Published October 13, 2003, in The The Union Leader (Manchester NH)

Project ChildSafe; Another wasteful federal program

TRIGGER LOCKS can save lives. So can the guns on which those locks are placed. In fact, guns save many, many more lives than gun locks save. Yet the federal government is spending $50 million to distribute "free" gun locks to Americans. Perhaps a better plan would be to distribute free guns.

Dr. John Lott noted in his book "The Bias Against Guns" that in 1999 there were a total of 824 accidental deaths by shooting in the United States. Only 16 of those cases involved a child under the age of 15 being shot with a handgun. Children are more likely to be saved by a gun than accidentally killed by one. There are around 2 million defensive uses of handguns a year in the United States.

The General Accounting Office has concluded that gun locks are reliably effective only in protecting children under age seven. Dr. Lott has found "no impact of accidental gun deaths from safe storage laws," meaning laws requiring guns to be stored in inoperable ways. To the contrary, "safe storage laws are significantly related to higher murder, rape, robbery, and burglary rates."

You may save a child's life by putting a trigger lock on your gun. But the chance is greater that the lock will cost a life rather than save one.

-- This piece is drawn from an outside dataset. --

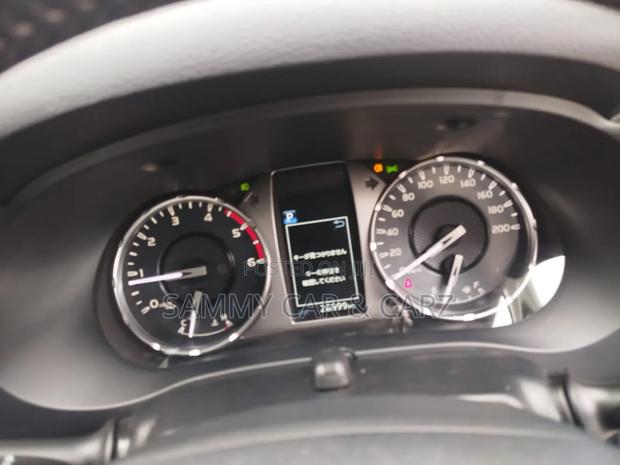 Toyota Hilux 2020 Silver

LOAD-DATE: October 14, 2003

Note: There was one minor point about this discussion. The handgun death number for children under age 15 does not include guns for which the type of gun was not identified. (They probably meant that: "Only 16 of those cases involved a child under the age of 15 who could be identified as being shot with a handgun . . . .") About half the type of accidental gun deaths involve a gun that is not identified in the death. In any case, the deaths, while tragic, are probably much rarer than most might think.